INPUT:
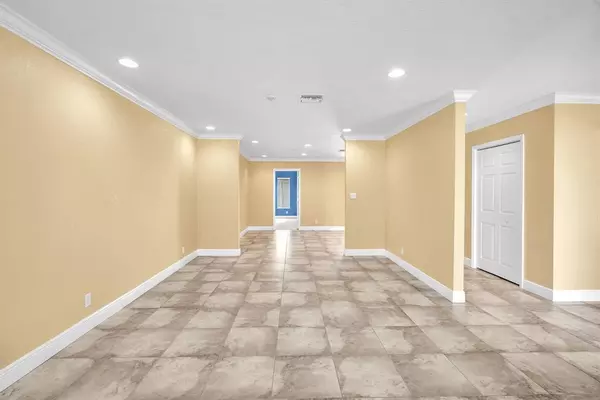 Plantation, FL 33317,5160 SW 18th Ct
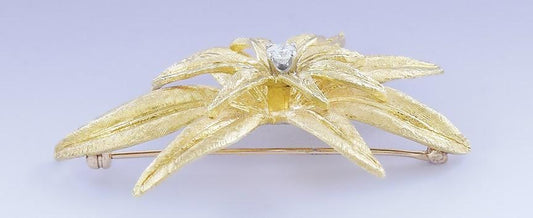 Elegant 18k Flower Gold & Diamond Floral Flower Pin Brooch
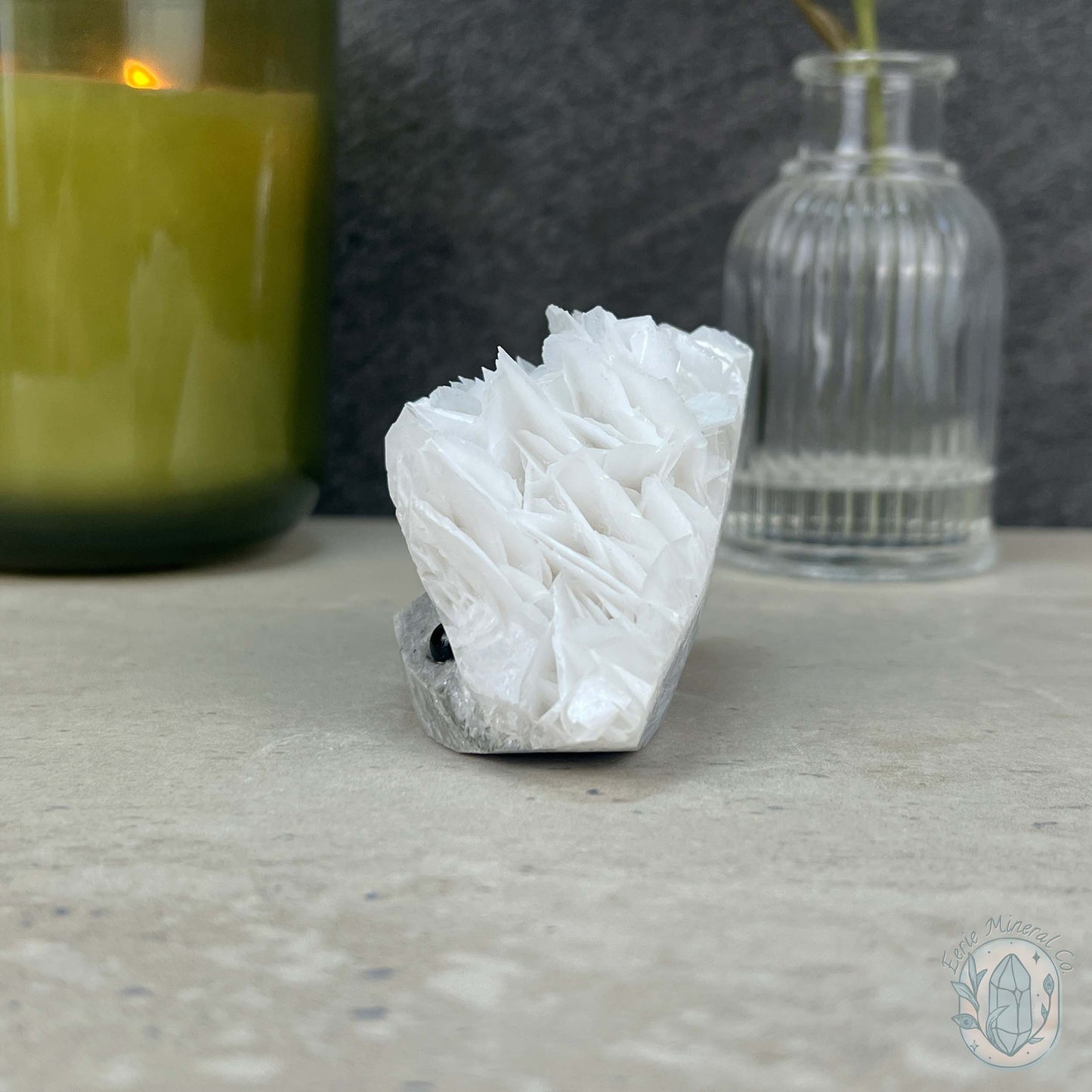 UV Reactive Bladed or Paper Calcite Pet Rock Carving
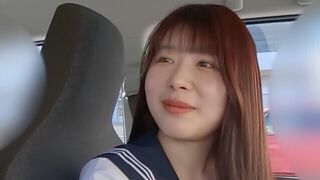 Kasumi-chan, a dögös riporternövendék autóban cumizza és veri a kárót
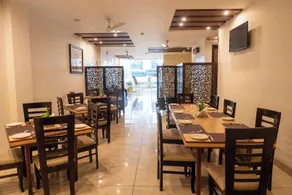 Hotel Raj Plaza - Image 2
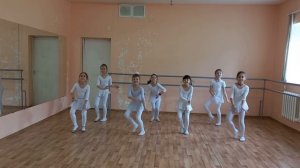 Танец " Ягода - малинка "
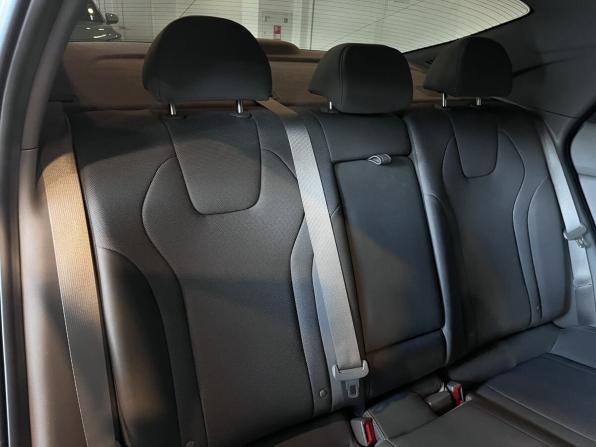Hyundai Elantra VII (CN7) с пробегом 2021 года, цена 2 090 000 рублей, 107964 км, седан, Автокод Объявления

WHAT TO PRODUCE:
Reproduce the records in full, exactly as they appear, and show none of the pictures.

ANSWER TO THIS EXERCISE:
 Plantation, FL 33317,5160 SW 18th Ct
 Elegant 18k Flower Gold & Diamond Floral Flower Pin Brooch
 UV Reactive Bladed or Paper Calcite Pet Rock Carving
 Kasumi-chan, a dögös riporternövendék autóban cumizza és veri a kárót
 Hotel Raj Plaza - Image 2
 Танец " Ягода - малинка "
Hyundai Elantra VII (CN7) с пробегом 2021 года, цена 2 090 000 рублей, 107964 км, седан, Автокод Объявления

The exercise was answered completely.